Exercise aim: Strip out the pictures and output each remaining line of the data word for word.

Given information:
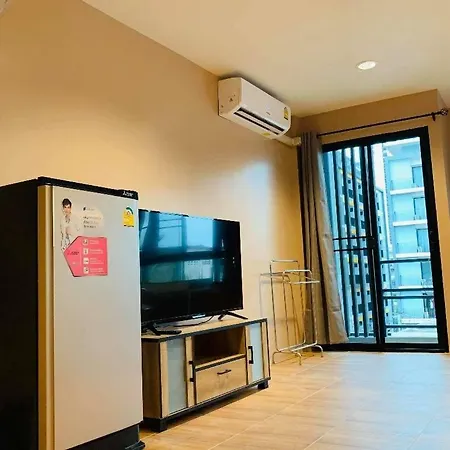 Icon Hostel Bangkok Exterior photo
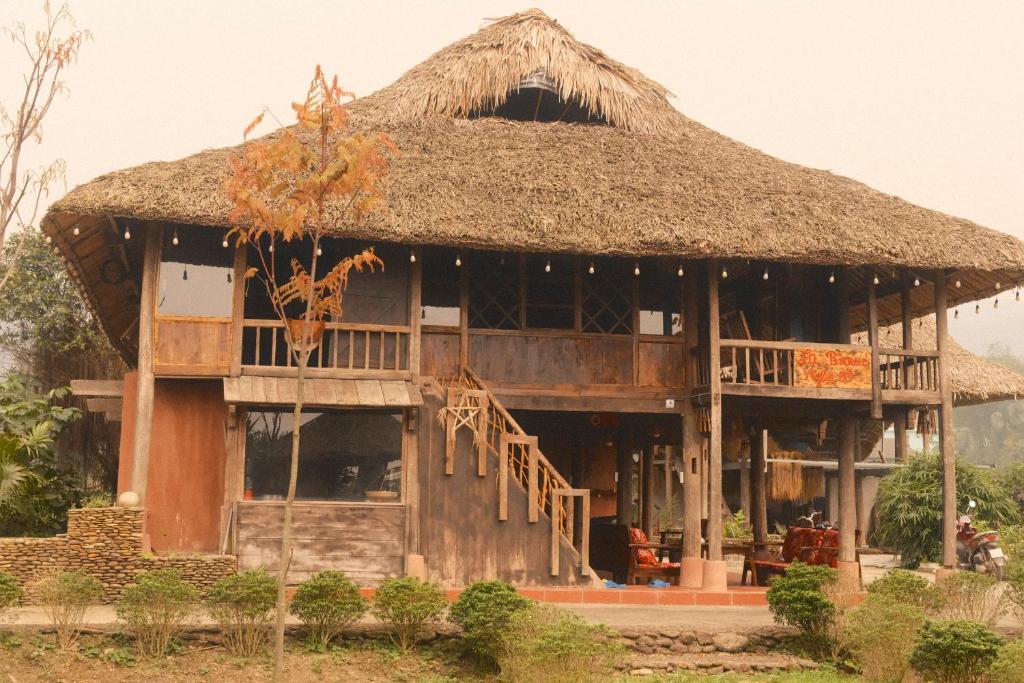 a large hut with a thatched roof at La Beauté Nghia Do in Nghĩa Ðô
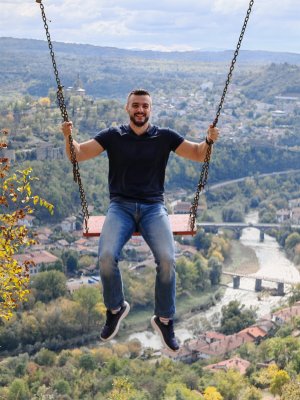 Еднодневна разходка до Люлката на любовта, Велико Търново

Solution to the exercise:
 Icon Hostel Bangkok Exterior photo
 a large hut with a thatched roof at La Beauté Nghia Do in Nghĩa Ðô
 Еднодневна разходка до Люлката на любовта, Велико Търново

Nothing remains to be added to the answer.